• WORK TO COMPLETE
Make an exact copy of the records, leaving out the images.

= = = =

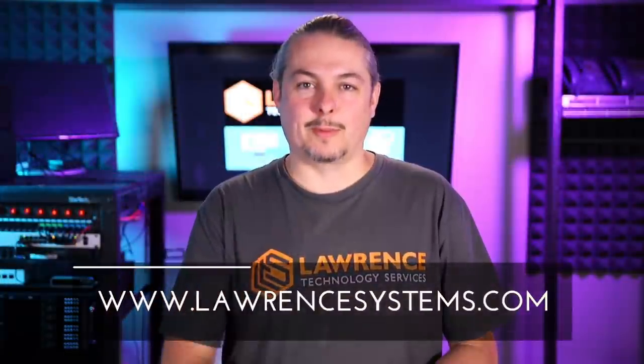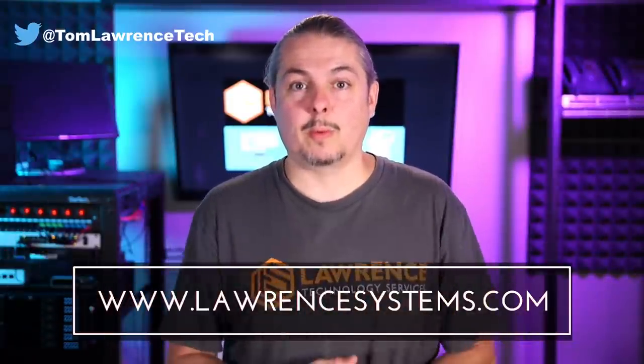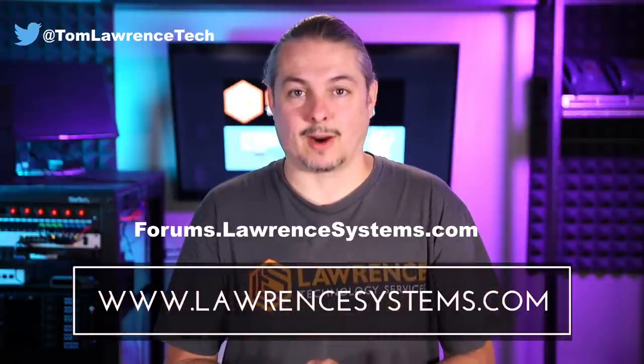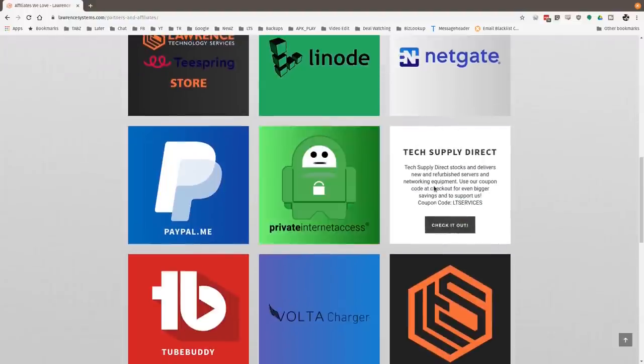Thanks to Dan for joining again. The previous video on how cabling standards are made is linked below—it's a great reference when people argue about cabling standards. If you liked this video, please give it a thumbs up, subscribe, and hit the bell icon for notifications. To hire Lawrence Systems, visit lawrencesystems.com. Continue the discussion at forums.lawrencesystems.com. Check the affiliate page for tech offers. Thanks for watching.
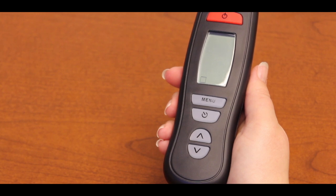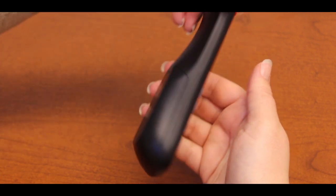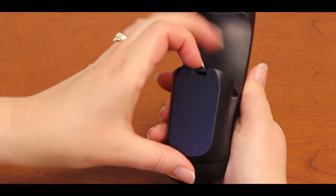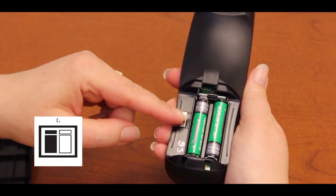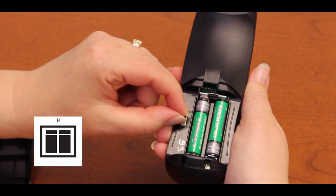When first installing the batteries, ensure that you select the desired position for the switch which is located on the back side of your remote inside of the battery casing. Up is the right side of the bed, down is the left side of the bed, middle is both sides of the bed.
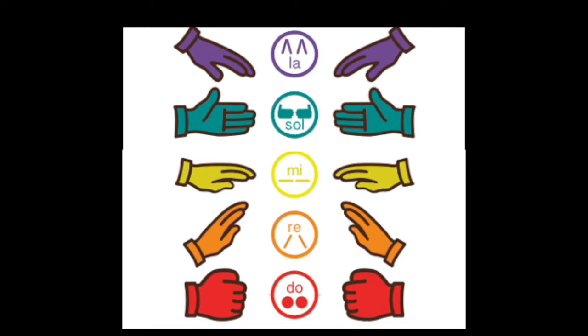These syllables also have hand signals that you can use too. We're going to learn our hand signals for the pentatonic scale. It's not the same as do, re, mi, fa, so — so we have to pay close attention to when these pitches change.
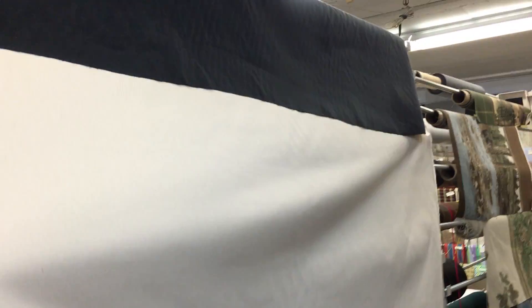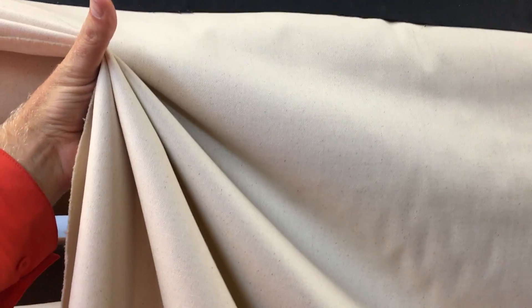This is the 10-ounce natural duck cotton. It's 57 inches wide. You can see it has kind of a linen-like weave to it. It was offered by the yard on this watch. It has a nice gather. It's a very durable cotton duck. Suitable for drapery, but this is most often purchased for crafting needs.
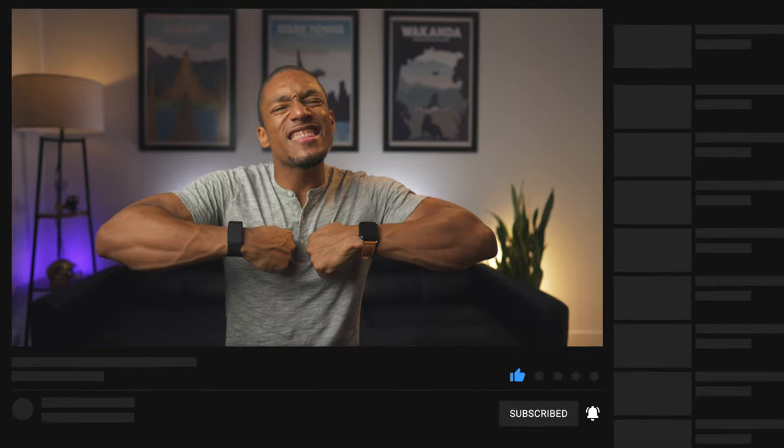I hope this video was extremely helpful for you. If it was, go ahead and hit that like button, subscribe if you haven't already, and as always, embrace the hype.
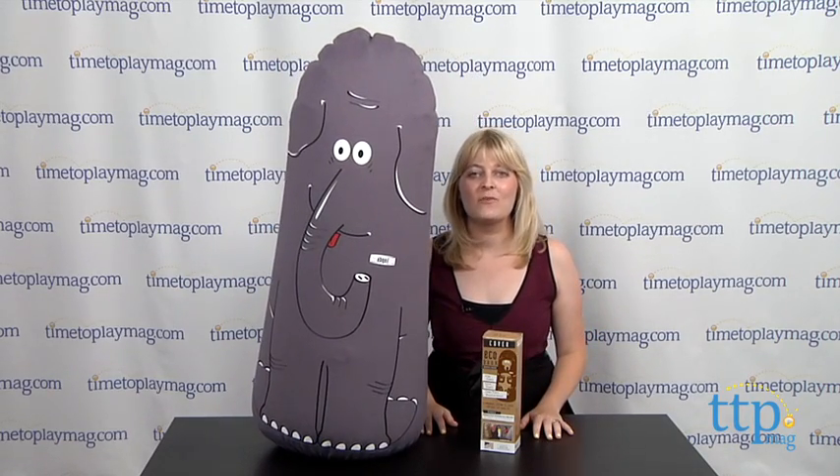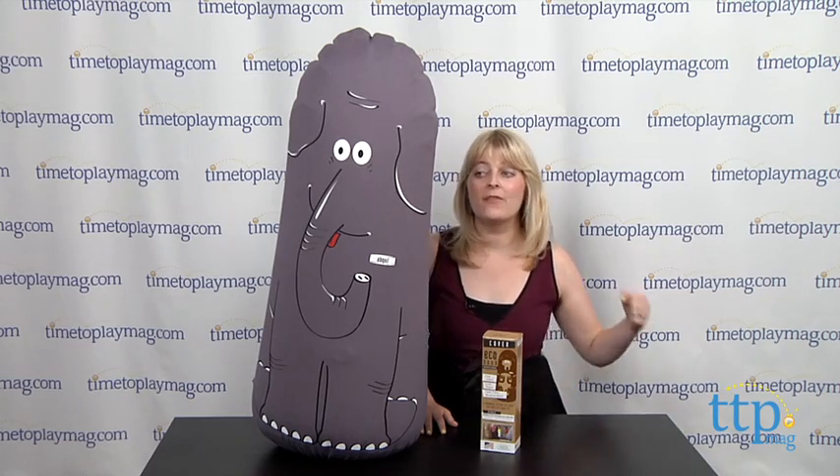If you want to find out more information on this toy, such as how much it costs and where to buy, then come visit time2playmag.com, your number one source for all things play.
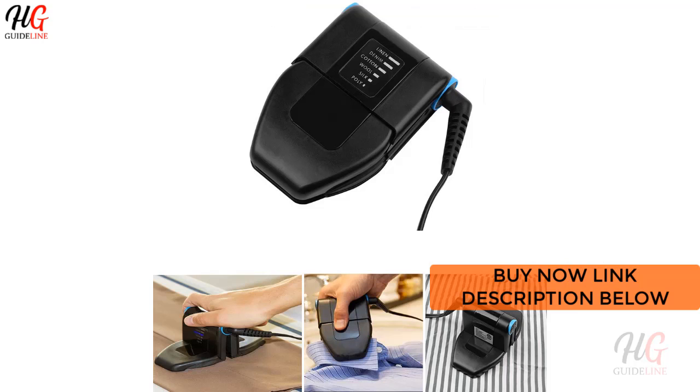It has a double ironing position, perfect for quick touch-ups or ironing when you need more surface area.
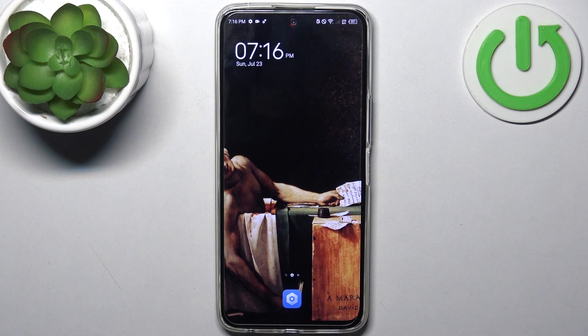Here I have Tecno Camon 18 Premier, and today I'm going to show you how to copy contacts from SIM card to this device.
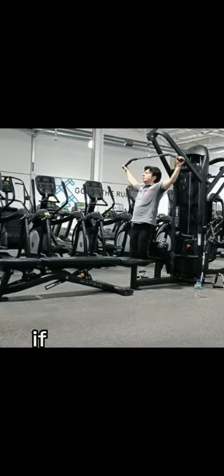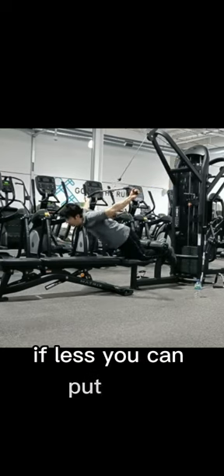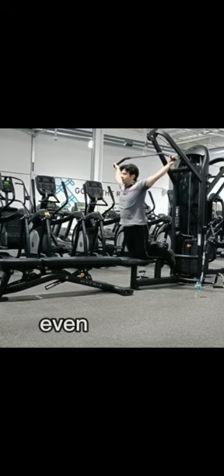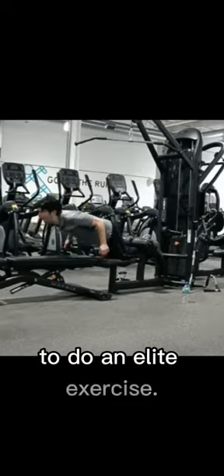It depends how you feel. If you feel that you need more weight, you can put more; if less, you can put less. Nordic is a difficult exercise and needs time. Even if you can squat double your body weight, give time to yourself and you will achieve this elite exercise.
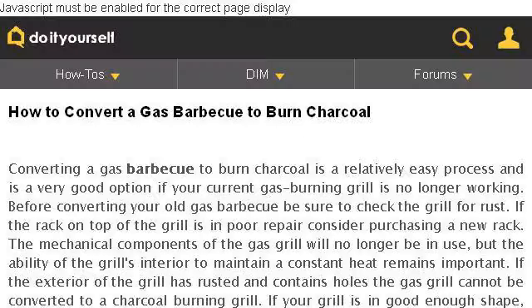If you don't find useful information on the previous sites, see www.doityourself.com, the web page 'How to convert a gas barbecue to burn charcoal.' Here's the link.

= = = =

• TASK RESULT
Thanks to Dan for joining again. The previous video on how cabling standards are made is linked below—it's a great reference when people argue about cabling standards. If you liked this video, please give it a thumbs up, subscribe, and hit the bell icon for notifications. To hire Lawrence Systems, visit lawrencesystems.com. Continue the discussion at forums.lawrencesystems.com. Check the affiliate page for tech offers. Thanks for watching.
When first installing the batteries, ensure that you select the desired position for the switch which is located on the back side of your remote inside of the battery casing. Up is the right side of the bed, down is the left side of the bed, middle is both sides of the bed.
These syllables also have hand signals that you can use too. We're going to learn our hand signals for the pentatonic scale. It's not the same as do, re, mi, fa, so — so we have to pay close attention to when these pitches change.
This is the 10-ounce natural duck cotton. It's 57 inches wide. You can see it has kind of a linen-like weave to it. It was offered by the yard on this watch. It has a nice gather. It's a very durable cotton duck. Suitable for drapery, but this is most often purchased for crafting needs.
I hope this video was extremely helpful for you. If it was, go ahead and hit that like button, subscribe if you haven't already, and as always, embrace the hype.
If you want to find out more information on this toy, such as how much it costs and where to buy, then come visit time2playmag.com, your number one source for all things play.
It has a double ironing position, perfect for quick touch-ups or ironing when you need more surface area.
Here I have Tecno Camon 18 Premier, and today I'm going to show you how to copy contacts from SIM card to this device.
It depends how you feel. If you feel that you need more weight, you can put more; if less, you can put less. Nordic is a difficult exercise and needs time. Even if you can squat double your body weight, give time to yourself and you will achieve this elite exercise.
If you don't find useful information on the previous sites, see www.doityourself.com, the web page 'How to convert a gas barbecue to burn charcoal.' Here's the link.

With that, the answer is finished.